**Data shown:**
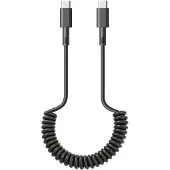 Eletra USB-C kierrekaapeli 1,5 m, musta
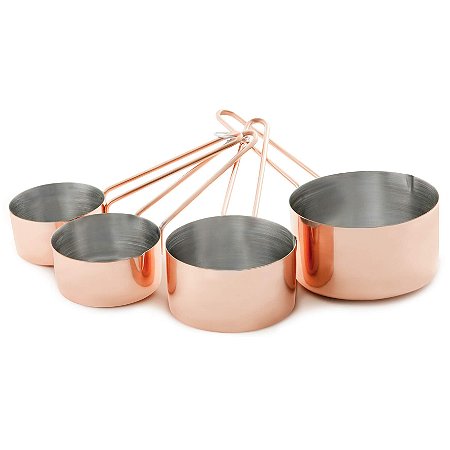 Xícaras Medidoras 4 Peças - Inox Rose Gold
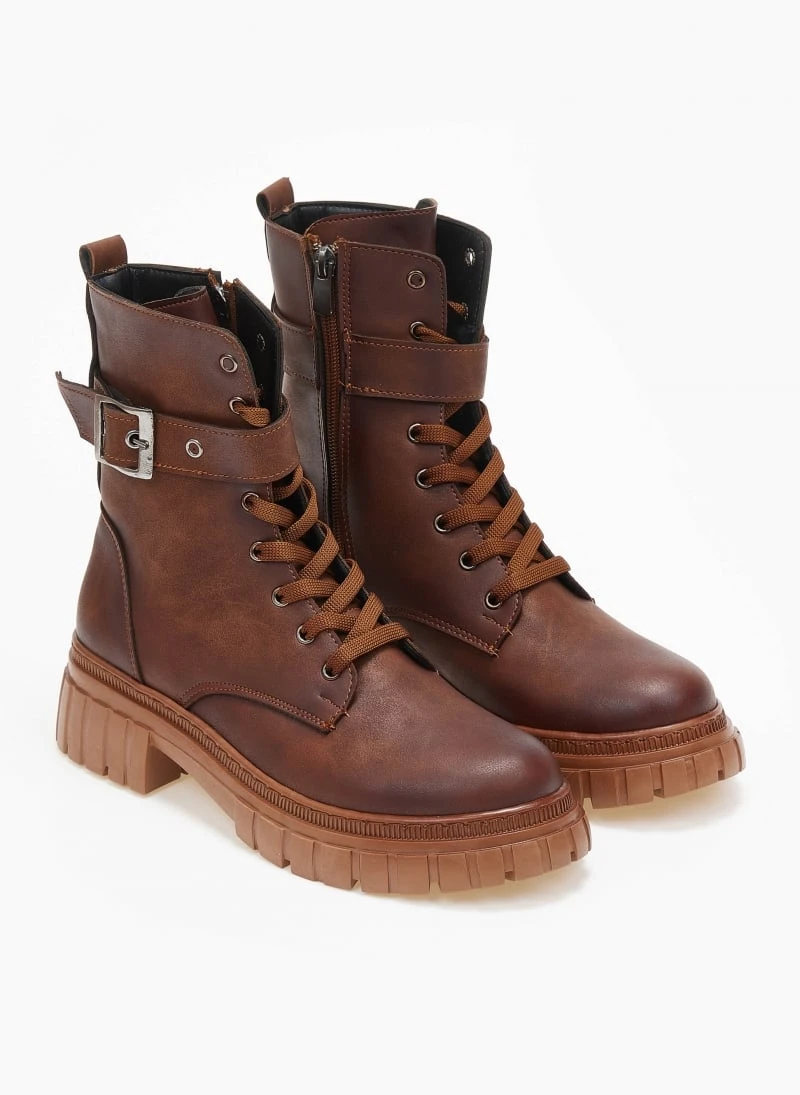 The Fashion Project Αρβυλάκια με ζωνάκι και αγκράφα - Ταμπά 3 The Fashion Project Αρβυλάκια με ζωνάκι και αγκράφα - Ταμπά - Image 3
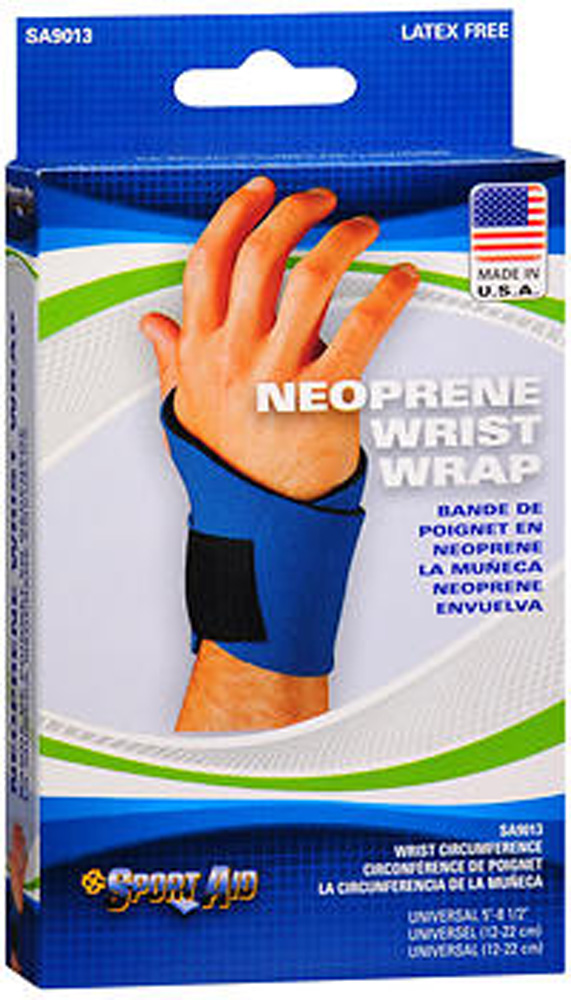 Scott Sport Aid Neoprene Wrist Wrap SA9013 Blue Universal - Thrifty ...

**Problem:**
Without reproducing any picture, repeat exactly the lines from the one containing "Xícaras Medidoras 4 Peças - Inox Rose Gold" through the last line of the material above, both ends included.

**Expected output:**
 Xícaras Medidoras 4 Peças - Inox Rose Gold
 The Fashion Project Αρβυλάκια με ζωνάκι και αγκράφα - Ταμπά 3 The Fashion Project Αρβυλάκια με ζωνάκι και αγκράφα - Ταμπά - Image 3
 Scott Sport Aid Neoprene Wrist Wrap SA9013 Blue Universal - Thrifty ...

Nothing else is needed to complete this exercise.